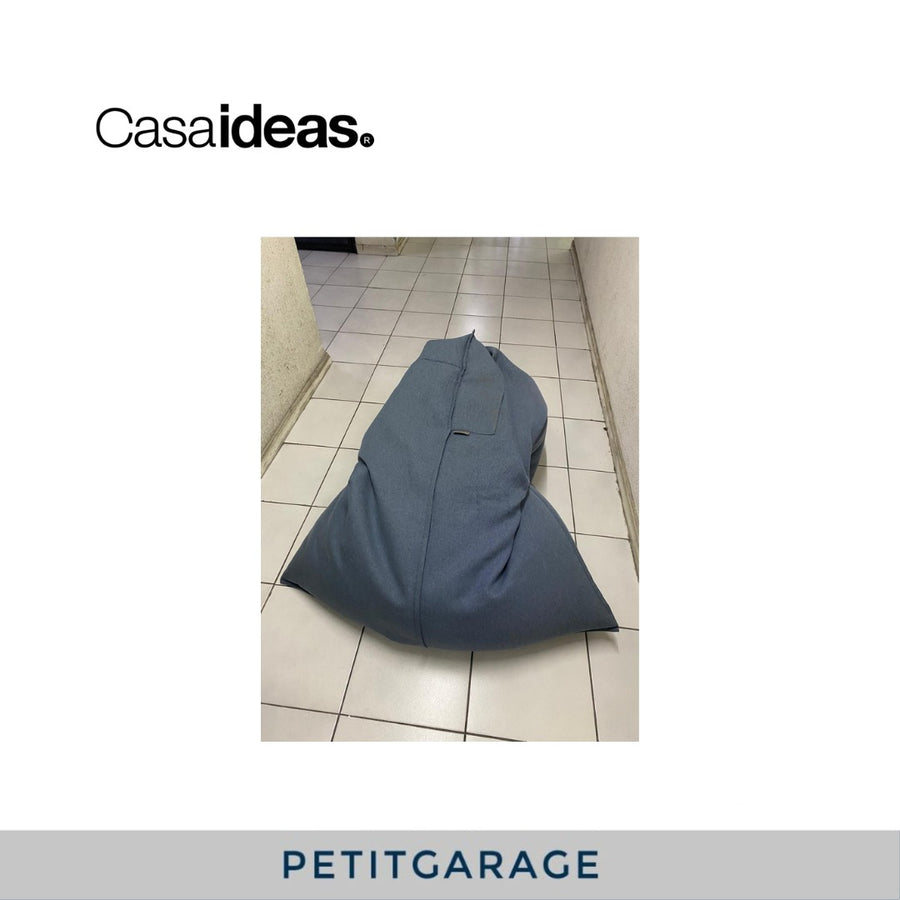 (#PG3119) Pouf. Marca Casa & Ideas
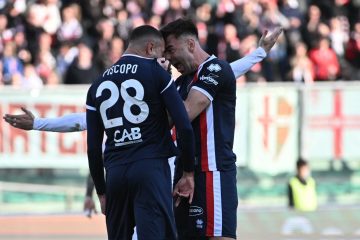 Bari, domenica di riposo dopo Padova. Domani la ripresa, venerdì la Samp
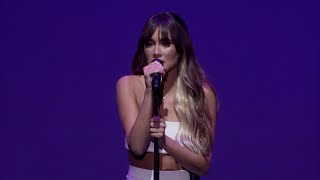 Aitana vuelve a los escenarios 9 meses después [upl. by Safko]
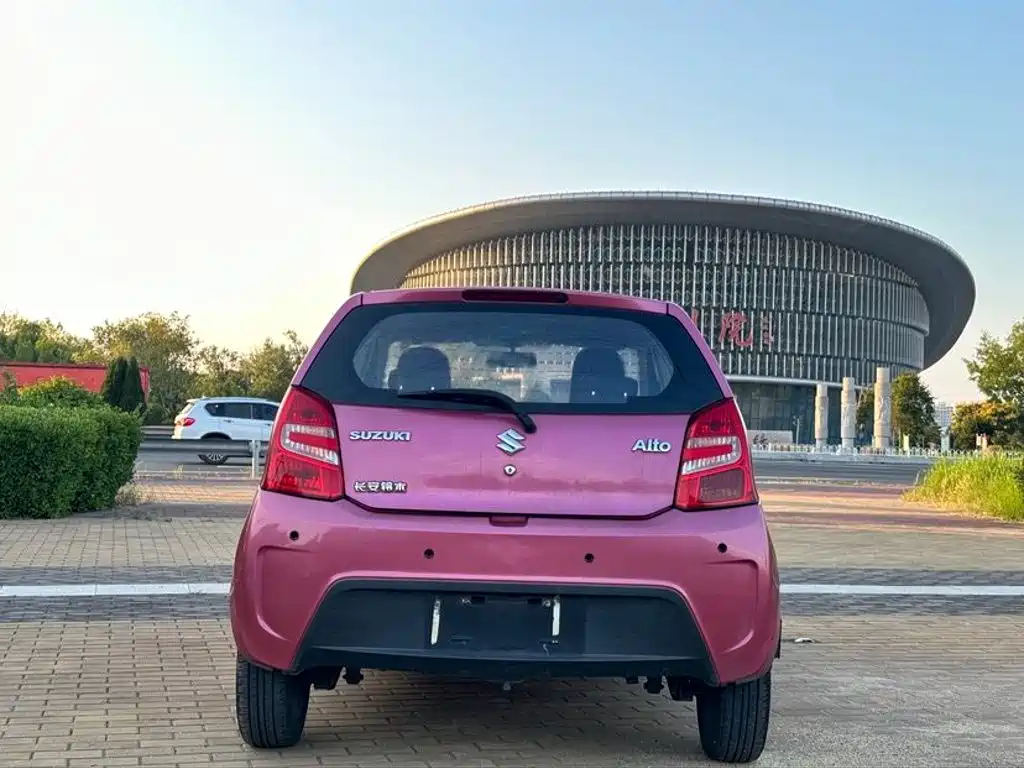 Suzuki Alto — миниатюра 5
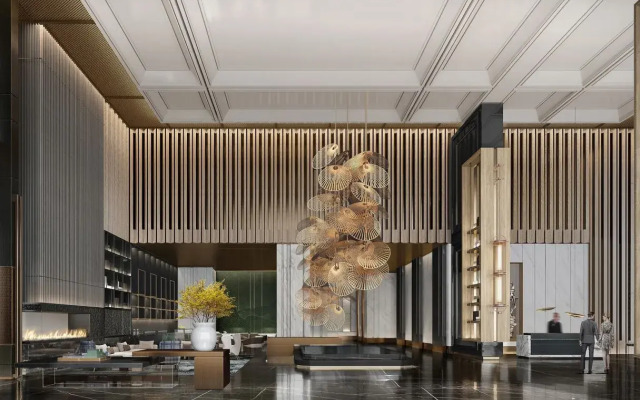 JW Marriott Hotel Xi'an Southwest
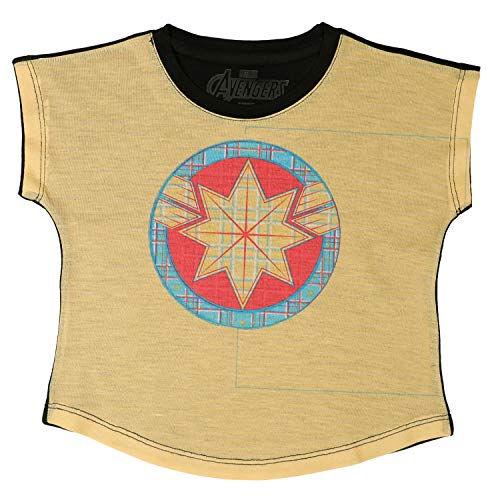 Image of Captain Marvel by Wear Your Mind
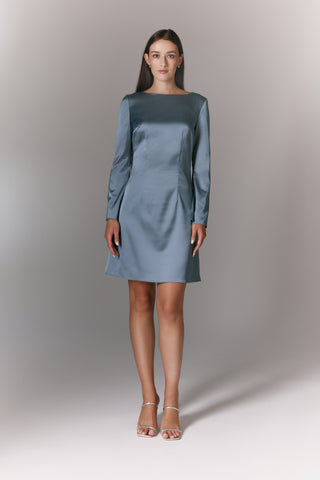 Lili Silk Dress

========================

• What you need to do
Output an exact copy of the material, with the pictures removed.

• Task output
 (#PG3119) Pouf. Marca Casa & Ideas
 Bari, domenica di riposo dopo Padova. Domani la ripresa, venerdì la Samp
 Aitana vuelve a los escenarios 9 meses después [upl. by Safko]
 Suzuki Alto — миниатюра 5
 JW Marriott Hotel Xi'an Southwest
 Image of Captain Marvel by Wear Your Mind
 Lili Silk Dress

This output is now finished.